Ada satu alasan lagi sebenernya yang pasti menjadi kontroversi, bahkan untuk diri saya sendiri. Alasan kesehatan, bagi saya yang belum bekeluarga, saya tidak merasa ada yang perlu dikhawatirkan.  Bahkan kejadian yang aneh tapi nyata, ketika saya tidak merokok atau sempat vakum merokok pada saat saya mau menghadapi sidang skripsi saya harus jatuh sakit typhus. Begitu juga saat saya kerja dan saya tidak merokok, hampir bisa dipastikan saya pasti akan sakit dalam satu bulan. Kejadian aneh tapi nyata, semenjak saya menjadi perokok aktif lagi, saya berangsur jarang sakit. Mungkin ini hanya sugesti, jangan jadikan hidup saya sebagai acuan atau pembenaran bagi kalian yang sudah ketergantungan dengan rokok. Berbeda kondisi ketika nanti mungkin saya akan berkeluarga dan mempunyai anak, saya pasti akan berpikir dua sampai tiga kali apakah saya akan melanjutkan kegiatan ini, bukan untuk kesehatan saya, tapi kesehatan anak saya nantinya (mulai dari dia ada di kandungan, bahkan jauh sebelum itu, ketika saya sudah mempunyai istri).



Faktor kebiasaan dan tidak adanya kegiatan adalah faktor kunci mengapa orang kecanduan merokok.
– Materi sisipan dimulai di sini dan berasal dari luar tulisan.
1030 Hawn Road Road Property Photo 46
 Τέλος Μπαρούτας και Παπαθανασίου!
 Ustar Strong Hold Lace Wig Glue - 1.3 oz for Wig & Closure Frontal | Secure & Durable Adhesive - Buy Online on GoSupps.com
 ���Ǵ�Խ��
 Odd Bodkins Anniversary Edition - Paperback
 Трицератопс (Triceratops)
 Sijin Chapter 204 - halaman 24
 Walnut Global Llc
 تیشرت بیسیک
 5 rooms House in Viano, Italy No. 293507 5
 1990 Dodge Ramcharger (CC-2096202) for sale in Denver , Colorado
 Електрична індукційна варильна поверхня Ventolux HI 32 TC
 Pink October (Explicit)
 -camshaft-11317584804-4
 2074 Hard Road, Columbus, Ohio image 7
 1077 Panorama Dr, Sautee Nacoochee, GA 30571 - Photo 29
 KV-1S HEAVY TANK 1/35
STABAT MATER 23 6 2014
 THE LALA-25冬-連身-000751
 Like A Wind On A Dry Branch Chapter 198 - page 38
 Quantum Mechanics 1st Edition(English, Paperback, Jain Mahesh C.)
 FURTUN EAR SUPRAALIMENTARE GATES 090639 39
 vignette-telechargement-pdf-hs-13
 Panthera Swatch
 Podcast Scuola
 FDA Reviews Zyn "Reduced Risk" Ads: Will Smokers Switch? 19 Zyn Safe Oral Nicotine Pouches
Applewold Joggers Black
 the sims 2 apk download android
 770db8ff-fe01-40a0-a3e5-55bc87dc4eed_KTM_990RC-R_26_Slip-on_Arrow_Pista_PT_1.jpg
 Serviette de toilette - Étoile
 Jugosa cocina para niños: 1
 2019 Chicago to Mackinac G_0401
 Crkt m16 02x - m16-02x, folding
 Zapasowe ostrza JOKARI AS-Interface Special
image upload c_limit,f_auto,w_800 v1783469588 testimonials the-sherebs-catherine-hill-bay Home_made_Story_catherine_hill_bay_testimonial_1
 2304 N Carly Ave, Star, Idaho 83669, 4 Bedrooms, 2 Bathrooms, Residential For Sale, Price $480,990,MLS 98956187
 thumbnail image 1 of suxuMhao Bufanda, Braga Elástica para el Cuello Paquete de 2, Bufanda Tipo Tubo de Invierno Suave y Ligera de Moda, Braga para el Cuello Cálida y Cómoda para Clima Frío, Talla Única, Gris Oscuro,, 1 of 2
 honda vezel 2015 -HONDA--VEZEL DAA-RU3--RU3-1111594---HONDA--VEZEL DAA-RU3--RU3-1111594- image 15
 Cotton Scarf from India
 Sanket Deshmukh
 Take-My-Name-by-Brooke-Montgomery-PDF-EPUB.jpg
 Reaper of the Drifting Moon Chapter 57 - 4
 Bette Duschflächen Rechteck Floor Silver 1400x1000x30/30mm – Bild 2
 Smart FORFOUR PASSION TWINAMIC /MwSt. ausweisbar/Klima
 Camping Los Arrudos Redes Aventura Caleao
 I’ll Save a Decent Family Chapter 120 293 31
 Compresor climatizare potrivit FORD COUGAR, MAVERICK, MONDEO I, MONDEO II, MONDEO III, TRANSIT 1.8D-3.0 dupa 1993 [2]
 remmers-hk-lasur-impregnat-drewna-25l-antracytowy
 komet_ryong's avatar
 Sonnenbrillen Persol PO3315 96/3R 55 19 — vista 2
Bagi saya sendiri, dua hal tersebut sudah mulai harus saya hilangkan, saya mencari kegiatan yang lebih bermanfaat ketika saya sedang tidak ada kegiatan seperti menulis atau bermain futsal bersama teman.  Kadang saya juga membaca artikel, bermain game console atau handphone, menonton film, atau menonton youtube. Faktor kebiasaan juga pasti masih bisa dirubah, kemauan dari diri sendiri untuk berubah adalah kuncinya. Jangan pernah terpengaruh dengan kondisi lingkungan sekitar kita, ambil yang baiknya saja, jangan hanya karena teman kita merokok kita jadi terpengaruh untuk ikut-ikutan merokok.

Walau berhenti merokok bukanlah pilihan , merokoklah seperlunya saja.